C.4.15. Subroutines RSDWTP, RNDWTP

PURPOSE

Compute the matrix triple product, multiply it by a scalar and add it to a matrix:

[S] = [S] + W{B}T[D]{B} (Symmetric)
[S] = [S] + W{B}T[D]{A} (Nonsymmetric)

SYNOPSIS

CALL RSDWTP (W, B, D, S, N, M)

CALL RNDWTP (W, B, D, A, S, N, M)

INPUT PARAMETERS

W = Real.
Scale Factor.
B(N,M) = Real array.
Matrix stored by columns.
D(N,N) = Real array.
Full matrix stored by columns. For symmetric problems (RSDWTP), [D] must be symmetric.
A(N,M) = Real array (RNDWTP only).
Matrix stored by columns.
N = Integer.
Number of rows in matrix [B] and [A] and the size of the square matrix [D] . The maximum value of N must be less than or equal to 32. This restriction on N results from the use of high-speed internal registers that store intermediate values for this calculation. For most problems, N is in the range 3 to 6.
M = Integer.
Number of columns in matrix [B] and [A].

OUTPUT PARAMETERS:

S(M*(M+1)/2) = Real array (RSDWTP).
S(M,M) = Real array (RNDWTP).
For symmetric problems (RSDWTP), [S] is a lower triangular matrix stored by rows. For nonsymmetric problems, standard FORTRAN storage is used for [S].

DESCRIPTION:

This subroutine performs the matrix triple product that is typically used in finite element matrix generation. Before the first call in each element, the matrix values in [S] must be initialized to [0]. The matrix [B] is assumed full to provide for formulations including large deformation. If possible, the columns of matrix [B] should be ordered by increasing global equation number. This ordering produces a matrix [S] that is also ordered by increasing equation number and may be assembled into the global system with minimal computation. The matrix [D] is also full, which provides for orthotropic and rotated material relationships.

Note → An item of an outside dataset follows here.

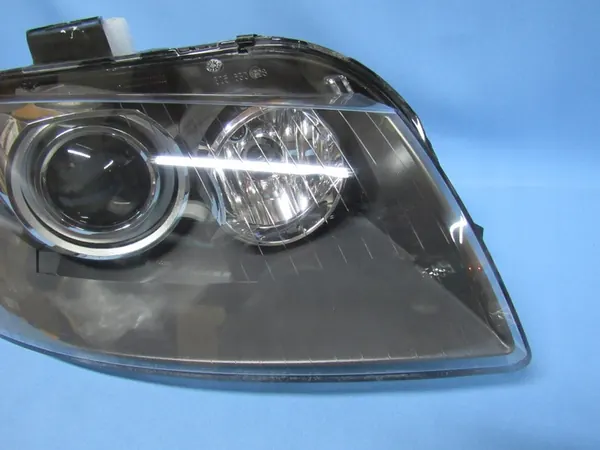 Faros derecho Audi A3 8P0 Bi-Xenón image 4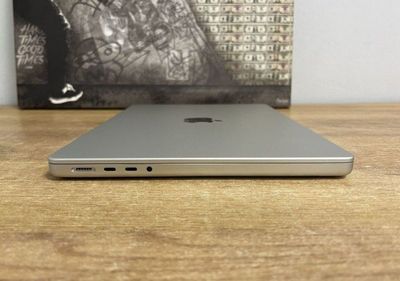 Macbook Pro M3 14"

For symmetric problems (RSDWTP), the calculation performed is equivalent to the following FORTRAN statements.

        LS = 0
        DO I=1,M
           DO J=1,I
              LS = LS  +  1
              DO K=1,N
                 DO L=1,N
                    S(LS) = S(LS) + W*B(K,I)*D(K,L)*B(L,J)
                 END DO
              END DO
           END DO
        END DO

For nonsymmetric problems (RNDWTP), the calculation performed is equivalent to the following FORTRAN statements:

        DO I=1,M
           DO J=1,I
              DO K=1,N
                 DO L=1,N
                    S(I,J) = S(I,J) + W*B(K,I)*D(K,L)*A(L,J)
                 END DO
              END DO
           END DO
        END DO

The actual algorithm implemented uses an intermediate vector to reduce the number of operations performed and take advantage of high-speed hardware.